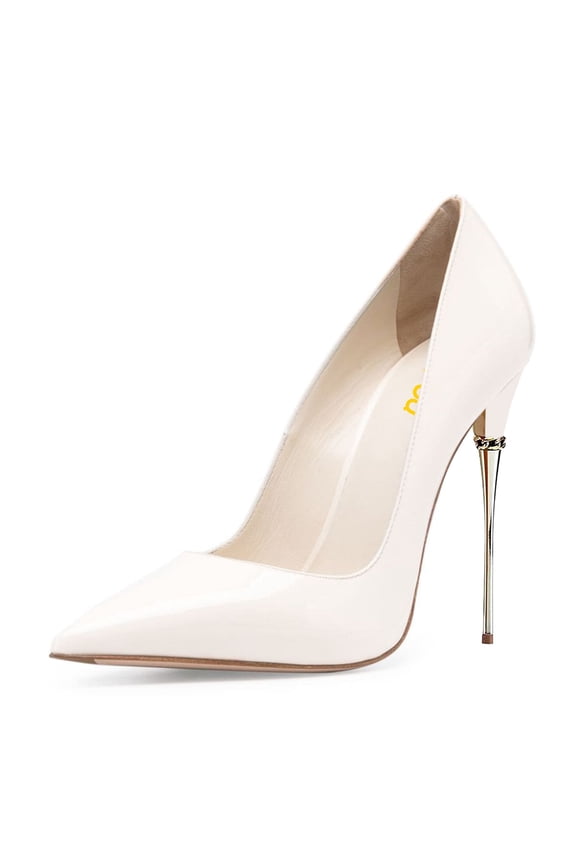 Women Basic Pointed Closed Toe Slip On Pumps Metal Slim Stiletto High Heels Wedding Daily Wear Fashion Dress Shoes Size 8.5 Oyster White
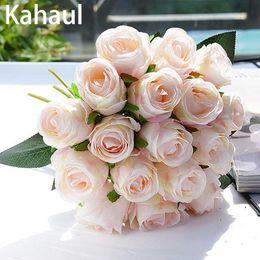 Pink Silk Artificial Flowers Rose Bouquet for Home Wedding Decoration Dusty Rose Fake Flower Autumn Table Decor Party Supplies 210624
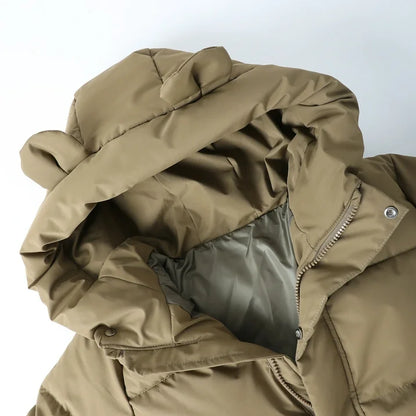 HILEELANG Kids Olive Khaki Green Mid-Length Puffer Coat – Warm Quilted Winter Jacket with Bear Ear Hood for Boys & Girls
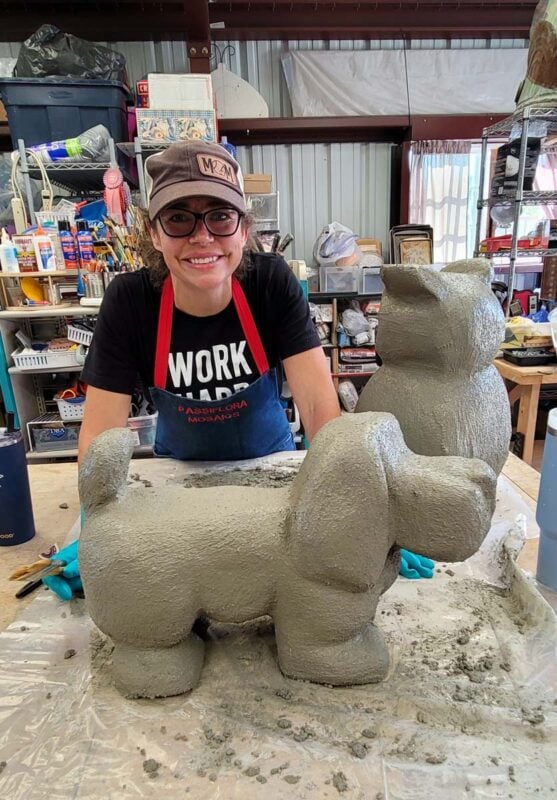 Making Styrofoam / Concrete Forms for Mosaic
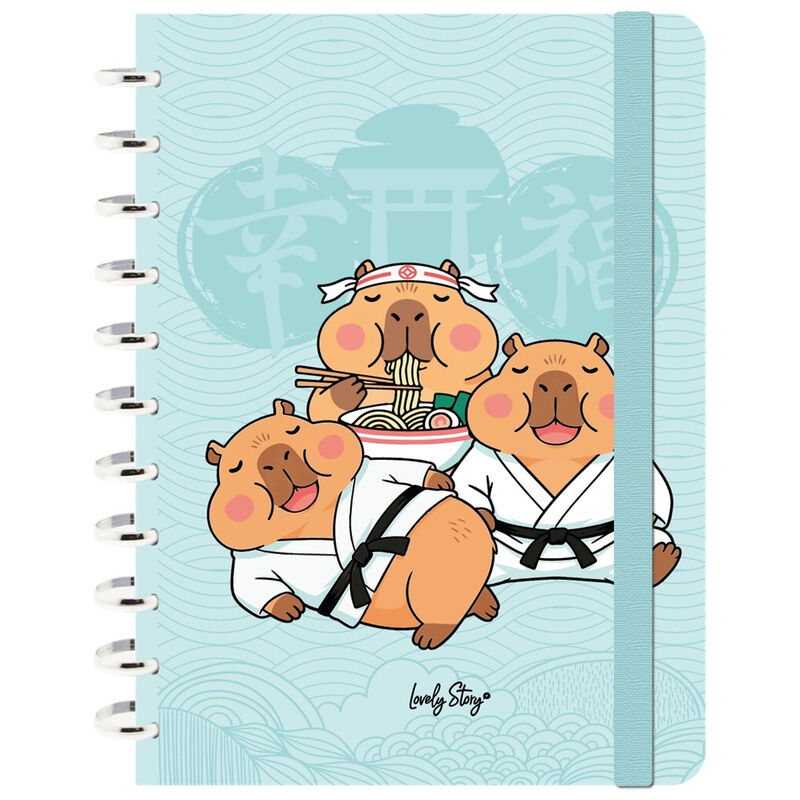 Cuaderno A4 Japan Capibara Lovely Story con tres capibaras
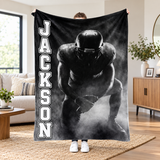 Personalized Football Name Fleece Blanket, Senior Night Player Gift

********

= Exercise description =
Repeat the listing verbatim. Skip the pictures.

= Worked solution =
 Women Basic Pointed Closed Toe Slip On Pumps Metal Slim Stiletto High Heels Wedding Daily Wear Fashion Dress Shoes Size 8.5 Oyster White
 Pink Silk Artificial Flowers Rose Bouquet for Home Wedding Decoration Dusty Rose Fake Flower Autumn Table Decor Party Supplies 210624
 HILEELANG Kids Olive Khaki Green Mid-Length Puffer Coat – Warm Quilted Winter Jacket with Bear Ear Hood for Boys & Girls
 Making Styrofoam / Concrete Forms for Mosaic
 Cuaderno A4 Japan Capibara Lovely Story con tres capibaras
 Personalized Football Name Fleece Blanket, Senior Night Player Gift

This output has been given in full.